Required work | For the entries below, return the line holding "a rehabilitation Princess" together with all lines after it, unchanged, and leave every picture out.
%%
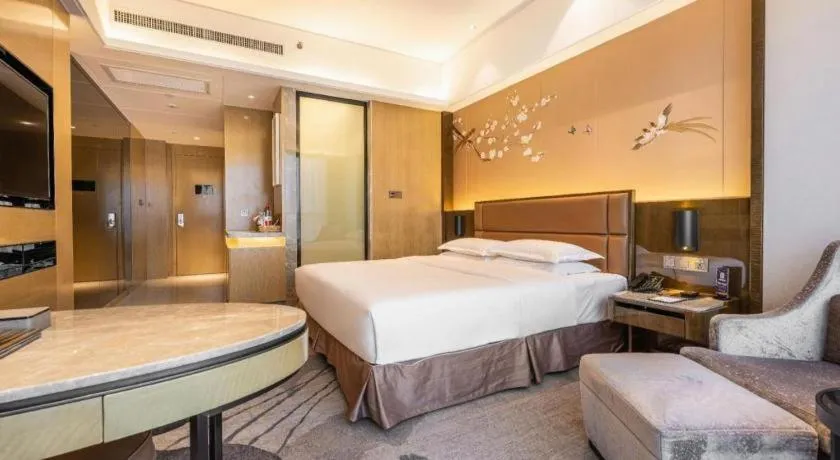 Bed in Licai Tianqi Hotel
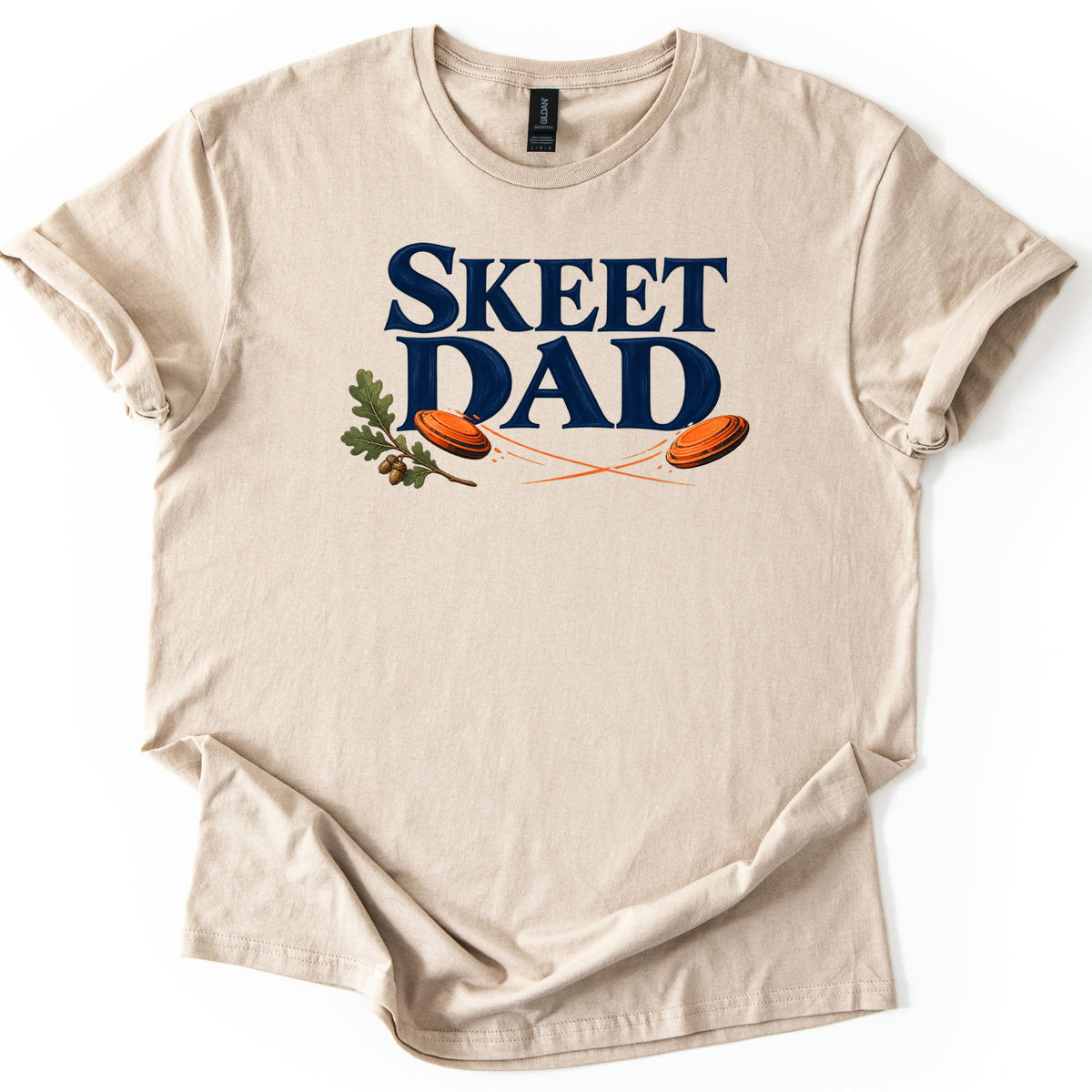 Skeet Dad Comfort Colors T-shirt in Sand, laid flat. The words SKEET DAD in large navy letters, with an oak sprig and acorns on the left and two orange clay targets flying with crossing orange trails. Sleeves are cuffed, on a white background.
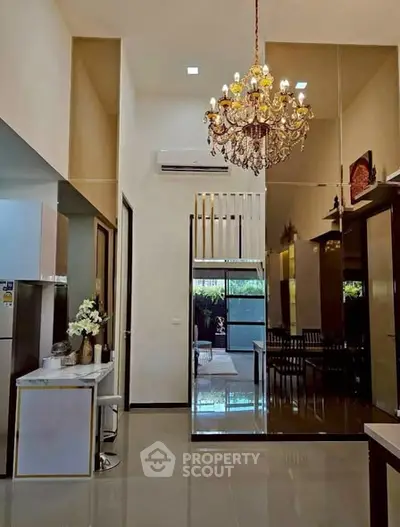 Luxurious high-ceiling living room with elegant chandelier and modern decor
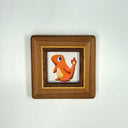 A small framed art piece featuring a stylized painting of Charmander, set inside a square wooden frame with a gold inner trim, displayed against a plain white background.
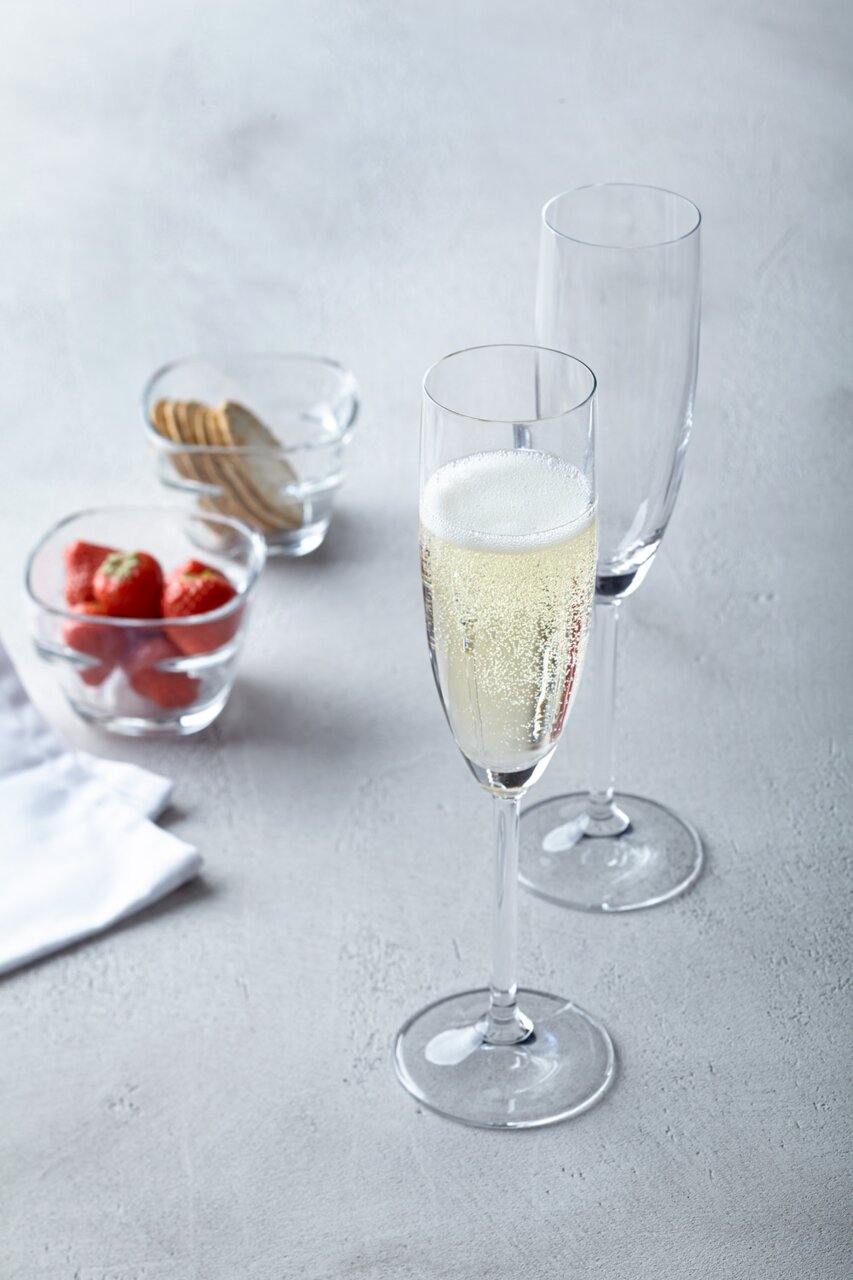 Twee elegante champagneglazen, waarvan één gevuld met bruisende champagne, op een tafel met aardbeien en koekjes op de achtergrond, gefotografeerd vanuit een licht verhoogd perspectief.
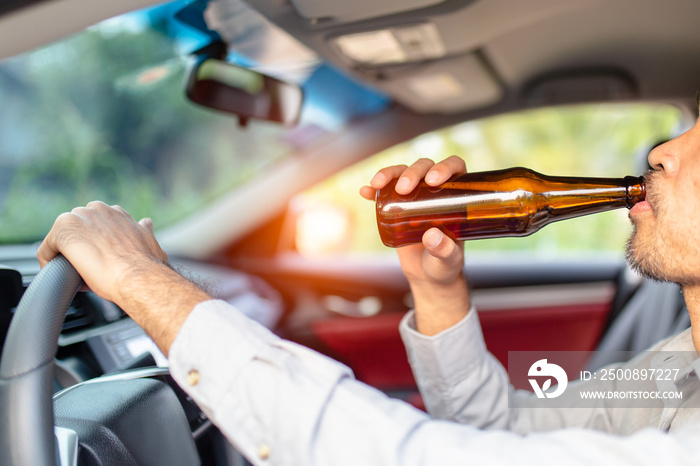 Drunk asian young man drives a car with a bottle of beer with sunset background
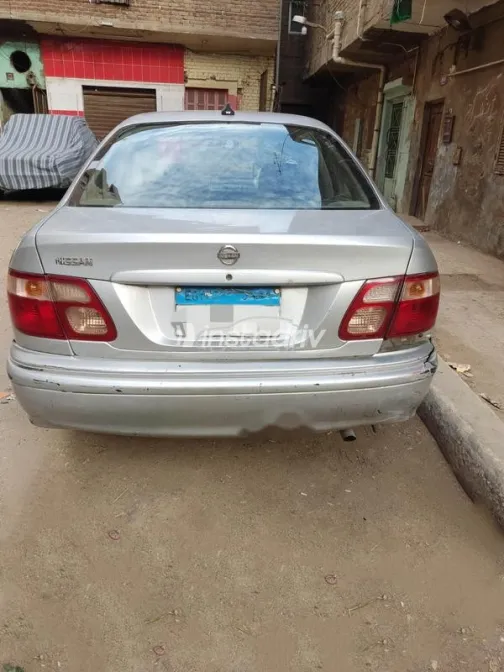 نيسان صنى 2001 رمادي مستعملة للبيع - 2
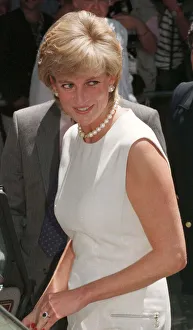 Princess Diana, wearing a white dress and necklace during a visit to a rehabilitation Princess Diana, wearing a white dress and necklace during a visit to a rehabilitation
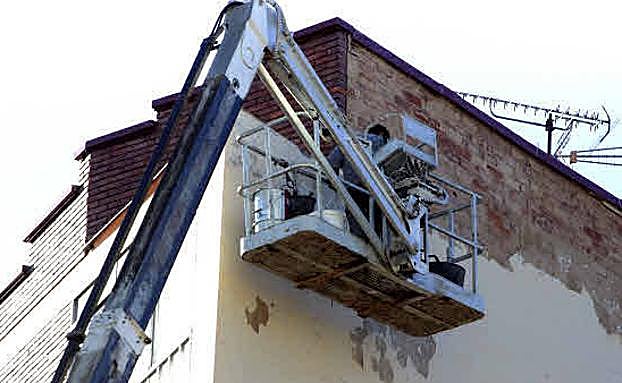 Un trabajador subido en un andamio.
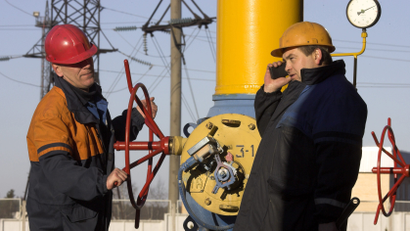 A worker turns a valve as another worker talks on a phone at a gas compressor station at the Yamal-Europe pipeline near Nesvizh.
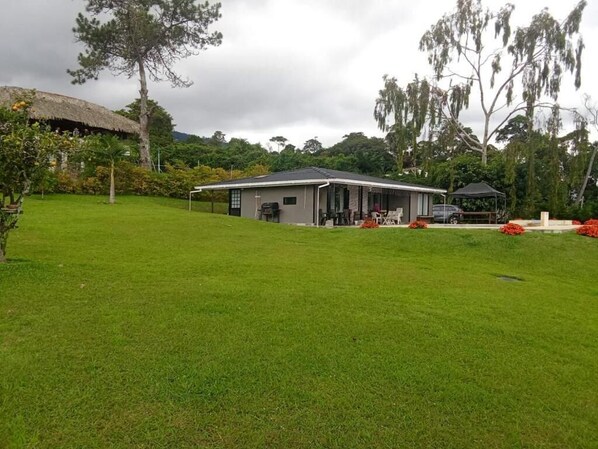 A house with a thatched roof, surrounded by a well-maintained lawn and trees.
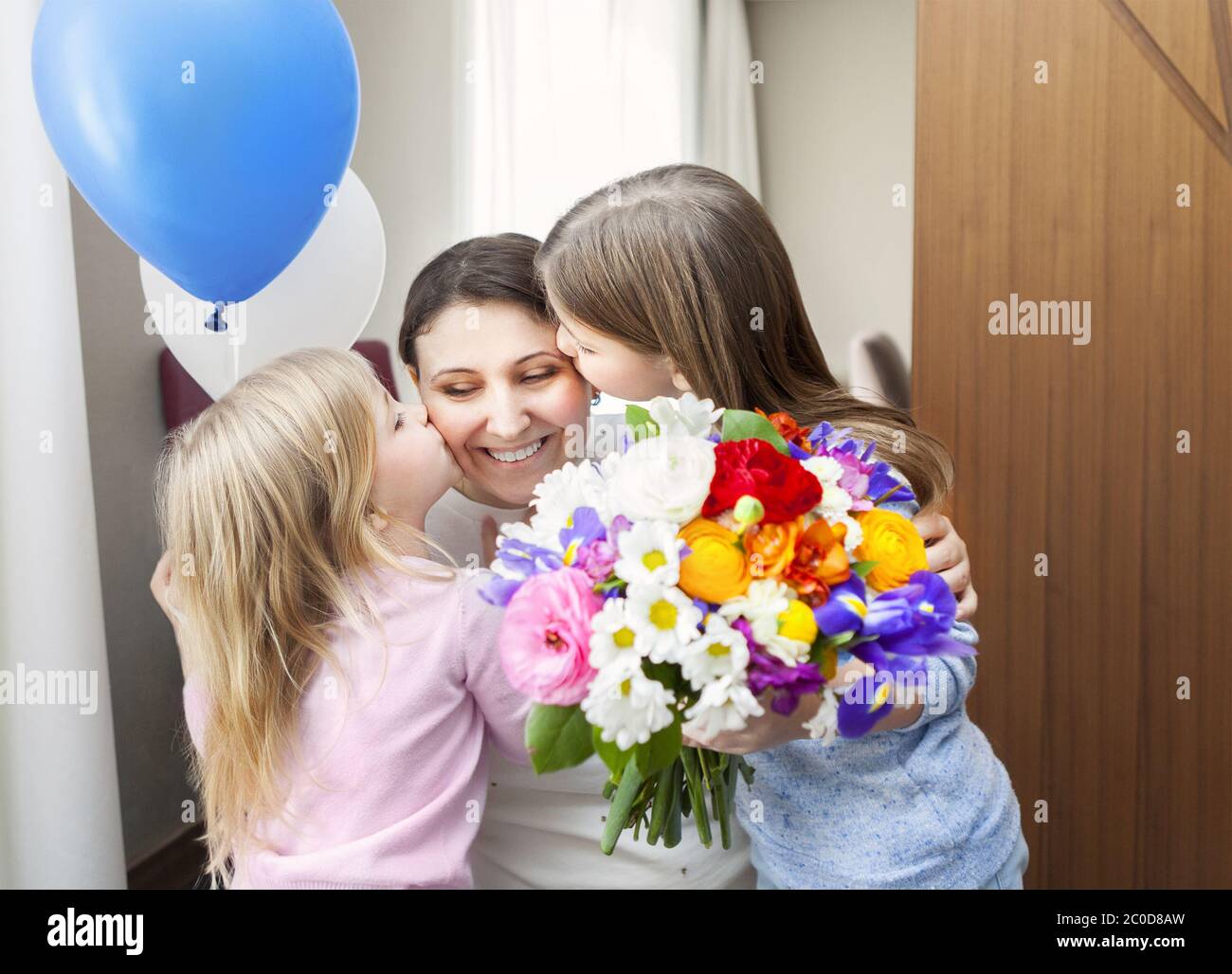 Glückliche Frau und ihre kleinen Töchter im Wohnzimmer Stockfoto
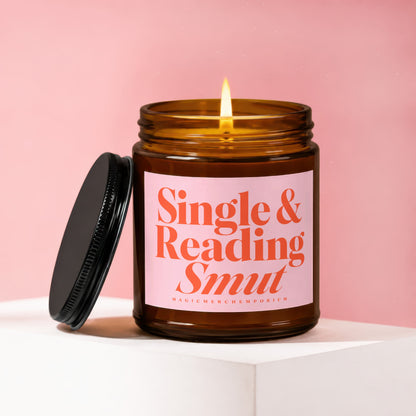 Brown glass candle with lit wick and pink label reading "Single & Reading Smut."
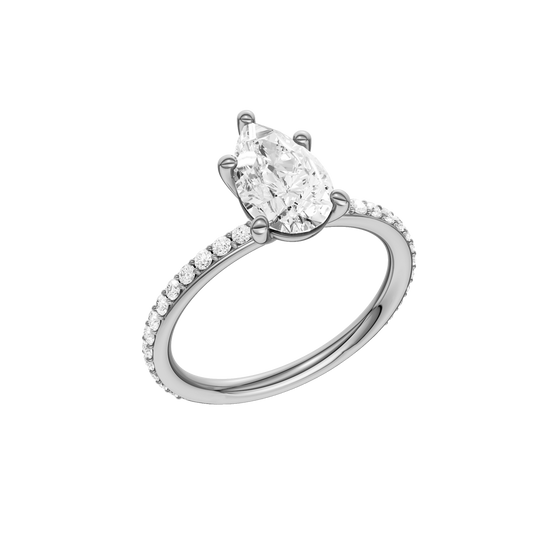 A three-quarter view of the Pear cut diamond engagement ring in 14k white gold with a prong diamond band and cathedral setting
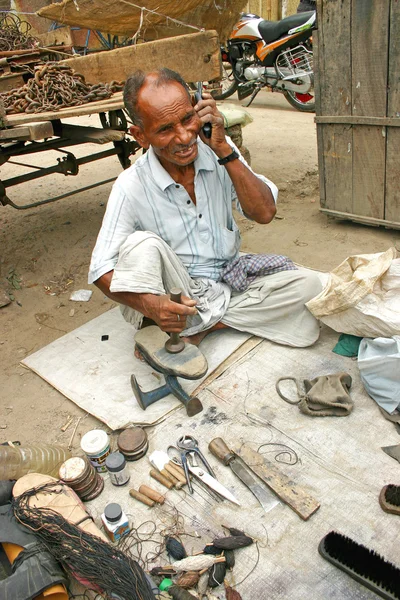 Delhi, Índia - 9 de julho de 2004: Velho indiano conversando em seu celular em sua loja de sapateiros Imagem De Stock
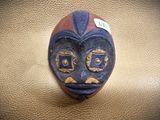 an image of a ceramic mask on a leather surface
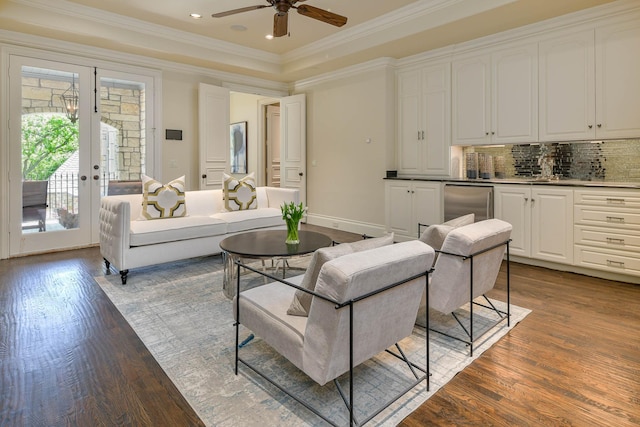 9996 Hollow Way Rd, Dallas, TX 75220 - living area featuring dark wood-style floors, a ceiling fan, a raised ceiling, recessed lighting, and ornamental molding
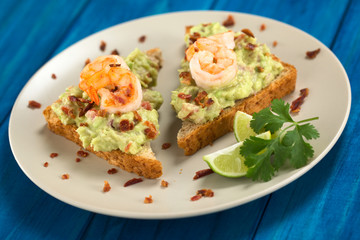 Toast bread with guacamole, fried shrimp, fried bacon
%%
Written reply |
 Princess Diana, wearing a white dress and necklace during a visit to a rehabilitation Princess Diana, wearing a white dress and necklace during a visit to a rehabilitation
 Un trabajador subido en un andamio.
 A worker turns a valve as another worker talks on a phone at a gas compressor station at the Yamal-Europe pipeline near Nesvizh.
 A house with a thatched roof, surrounded by a well-maintained lawn and trees.
 Glückliche Frau und ihre kleinen Töchter im Wohnzimmer Stockfoto
 Brown glass candle with lit wick and pink label reading "Single & Reading Smut."
 A three-quarter view of the Pear cut diamond engagement ring in 14k white gold with a prong diamond band and cathedral setting
 Delhi, Índia - 9 de julho de 2004: Velho indiano conversando em seu celular em sua loja de sapateiros Imagem De Stock
 an image of a ceramic mask on a leather surface
 9996 Hollow Way Rd, Dallas, TX 75220 - living area featuring dark wood-style floors, a ceiling fan, a raised ceiling, recessed lighting, and ornamental molding
 Toast bread with guacamole, fried shrimp, fried bacon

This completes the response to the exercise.